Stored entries
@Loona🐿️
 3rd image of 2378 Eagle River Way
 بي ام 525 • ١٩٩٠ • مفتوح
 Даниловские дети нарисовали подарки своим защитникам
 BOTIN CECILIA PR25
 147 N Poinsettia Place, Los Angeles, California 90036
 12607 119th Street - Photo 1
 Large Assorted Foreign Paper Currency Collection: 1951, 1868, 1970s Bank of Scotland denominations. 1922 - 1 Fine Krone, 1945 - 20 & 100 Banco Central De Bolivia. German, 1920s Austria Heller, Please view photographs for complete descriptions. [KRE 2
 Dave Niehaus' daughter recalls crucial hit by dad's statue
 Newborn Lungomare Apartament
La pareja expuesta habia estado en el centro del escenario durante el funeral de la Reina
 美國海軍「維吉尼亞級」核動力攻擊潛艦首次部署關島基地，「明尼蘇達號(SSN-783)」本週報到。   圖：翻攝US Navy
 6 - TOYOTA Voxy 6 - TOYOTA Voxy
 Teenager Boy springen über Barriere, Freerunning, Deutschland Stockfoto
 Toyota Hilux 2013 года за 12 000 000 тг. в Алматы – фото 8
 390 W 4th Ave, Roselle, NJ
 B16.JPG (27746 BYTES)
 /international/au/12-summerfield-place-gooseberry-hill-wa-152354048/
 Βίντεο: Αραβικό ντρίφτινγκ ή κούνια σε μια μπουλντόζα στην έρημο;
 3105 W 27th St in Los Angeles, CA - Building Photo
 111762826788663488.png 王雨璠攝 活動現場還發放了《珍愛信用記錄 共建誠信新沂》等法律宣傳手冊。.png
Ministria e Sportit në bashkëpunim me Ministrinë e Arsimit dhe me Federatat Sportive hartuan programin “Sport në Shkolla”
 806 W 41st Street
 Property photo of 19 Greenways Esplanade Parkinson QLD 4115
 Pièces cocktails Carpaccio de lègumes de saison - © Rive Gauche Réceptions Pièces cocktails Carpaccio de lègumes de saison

▸ **What this task involves**
Nothing but a number should be given: the count of lines above in which the word "Angeles" occurs.

▸ **Answer below**
2